Des millions de petits agriculteurs des régions tropicales pratiquent l'agriculture pluviale dépendante des facteurs d'environnement et autres. Dans leur lutte quotidienne pour survivre, ces communautés paysannes ont développé d'innombrables techniques pour obtenir des plants et des animaux, les aliments et les fibres qui leurs sont indispensables.
Ainsi, une grande variété de systèmes de production se sont développés, chacun étant adapté aux conditions écologiques et inextricablement influencé par les cultures locales.
Néanmoins, bon nombre de systèmes de production traditionnels sont restés durables pendant des siècles, en ce sens qu'ils parvenaient à maintenir un niveau de production continu et stable. Ces systèmes ont toutefois dû faire face à une évolution des rapports sociaux et politiques et l'intégration dans un marché international contrôlé par des puissances étrangères.
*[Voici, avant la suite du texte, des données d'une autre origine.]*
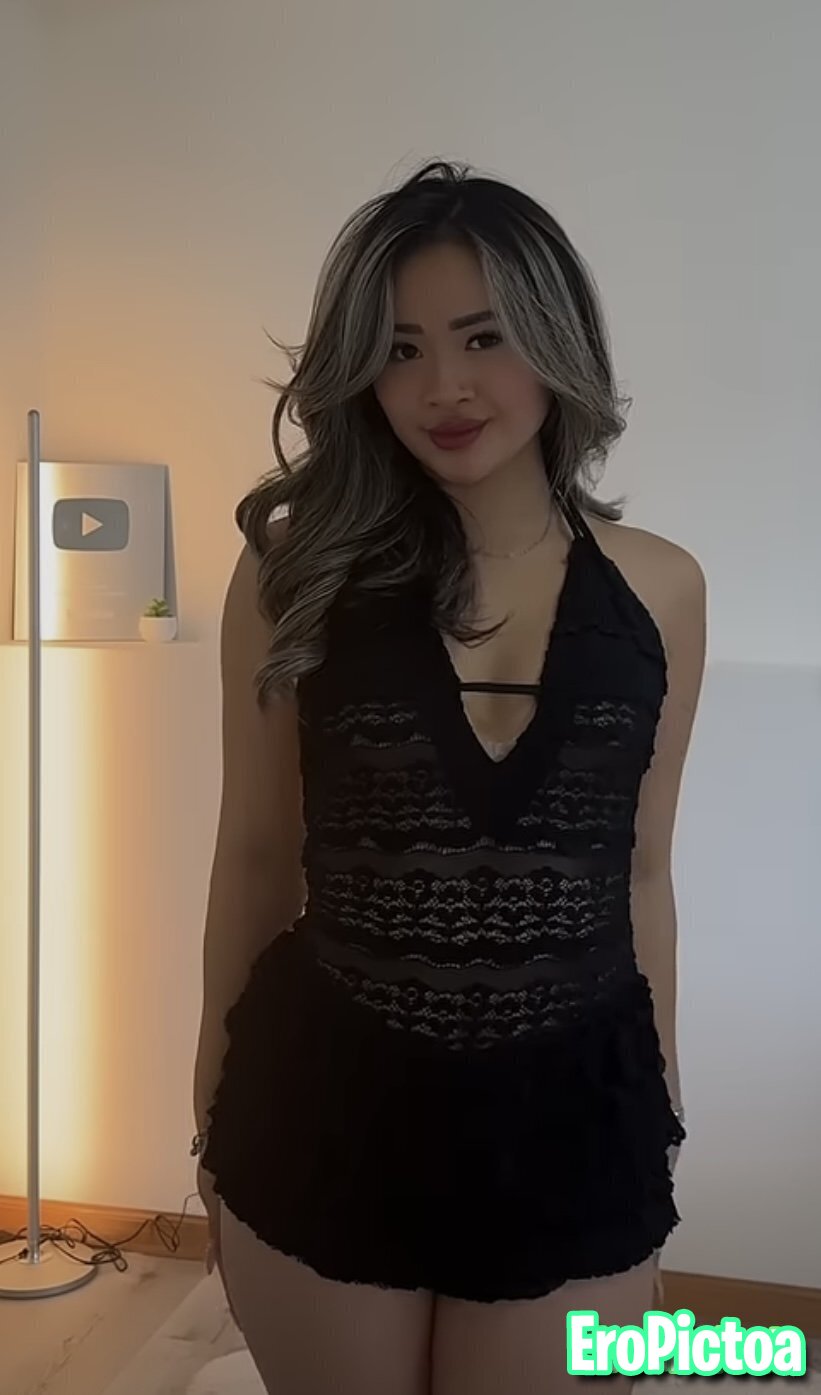 Can someone trib her? photo - Part 2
Les systèmes originellement axés sur l'autosubsistance se sont davantage orientés vers le marché et l'amélioration des moyens de communication a engendré une augmentation de la demande en biens de consommation.
Face à cette évolution, les paysans n'arrivent pas à satisfaire la demande cela est dû généralement à la mauvaise répartition des pluies, la dégradation des sols et surtout au manque de moyens techniques.
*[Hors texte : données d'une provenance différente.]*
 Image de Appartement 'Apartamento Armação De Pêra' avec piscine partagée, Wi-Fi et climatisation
Devant cette situation, les paysans Burkinabè ont entrepris des nouvelles techniques dans le cadre d'améliorer leurs cultures. Ce sont entre autres la construction des sites anti-érosifs, la production des fosses fumières, les reboisements, les ½ lunes et les méthodes zaï. Pour atteindre ces résultats, il faut un minimum de moyens nécessaires afin d'accroître leur production agricole, qui ne fait que baisser d'année en année.